In recent years Antoine’s research interests include the role in which Lesbian Gay Bisexual and Transgendered (LGBT) organisations play in community development and individual identity formation particularly in the context of a civil society with intersectionality at the core. Antoine leads the Urban Scholars Engagement programme at Brunel University.
An activist, mentor, ‘man-about-town’ and film buff, Marc Thompson has been involved in advocating for social justice for 25 years, with a focus on Black minority and ethnic communities, sexual health and HIV. He is particularly interested in the intersection of race, sexuality and HIV and the impact it has on individuals and society.
Marc has worked with various community based organisations including, GMFA, Big Up, Living Well and Positively UK, where he coordinated their peer mentor programme; training and managing volunteers to provide a range of peer support interventions to people living with HIV. He recently returned to senior leadership at the Terrence Higgins Trust as a Strategic Health Lead.
Marc is also a skilled trainer and public speaker at conferences, corporate events, schools, colleges and universities on race and sexuality, sexual health and living with HIV.
Award-winning busybody, recovering academic and reforming social reformer, Rob is currently leading development at BlackOutUK. Until recently he was a strategic advisor to the BBC on accountability and audience engagement.

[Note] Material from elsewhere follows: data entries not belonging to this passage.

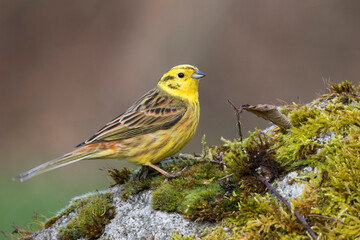 Yellowhammer, Emberiza citrinella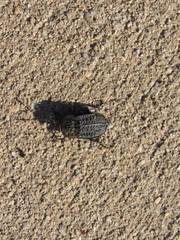 Thanatophilus lapponicus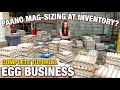 PAANO KAMI MAG-INVENTORY AT SIZING SA EGG BUSINESS? Complete Tutorial-Philippines | Tinmay Arcenas❤️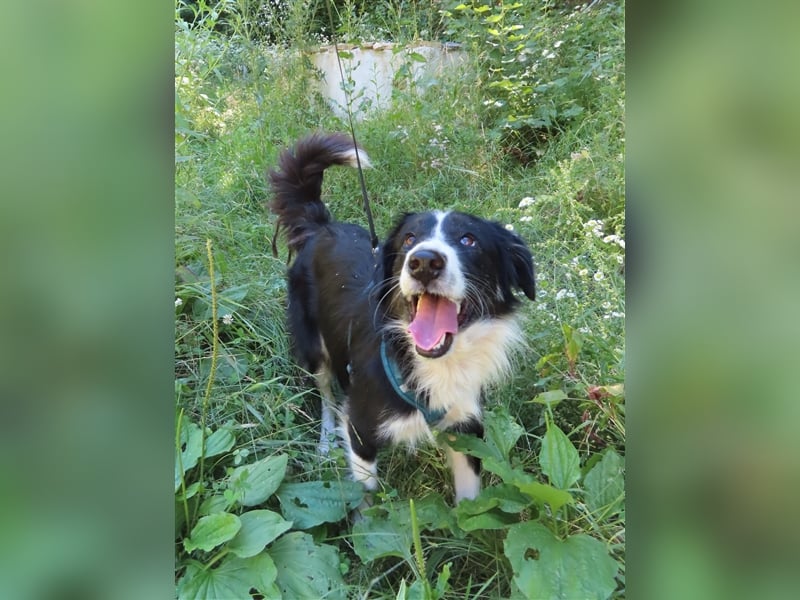 RON - sucht sein Ticket ins Glück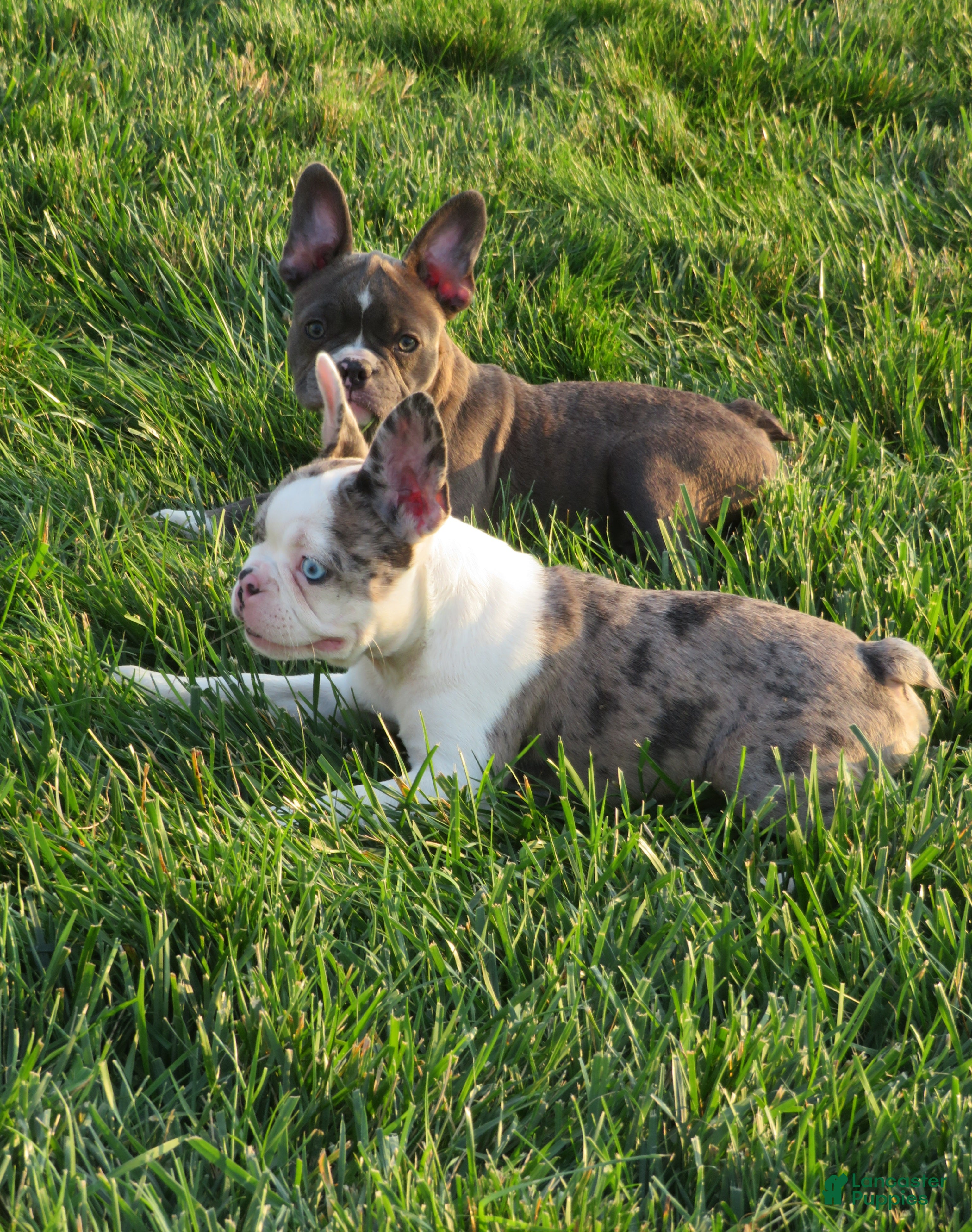 Frenchton dogs Tessa - Ad 2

Impatient with injustice and exasperated by wasted potential, he volunteers on the boards of Baring Foundation, Doc Society, and the Collaborate Foundation, has previously served on the boards of LGBT rights charity Stonewall, the Equality and Diversity Forum, and been Chair of Naz Project (NPL). He was Director of the racial justice think-tank Runnymede Trust 2009-14. Alongside his academic writing on education, social justice and community organizing, a recently appointed Simon Industrial Fellow at the University of Manchester, he has presented and co-produced short form documentaries, lectured across the UK and beyond, and written for The Guardian and The Independent on social justice and movement-building. His current fixation on forms of collaborative ownership, innovations in media technology and their potential for social justice means that he spends a lot of time staring at his phone and calls it ‘research’. Dr Berkeley was awarded an MBE in 2015 for services to equality.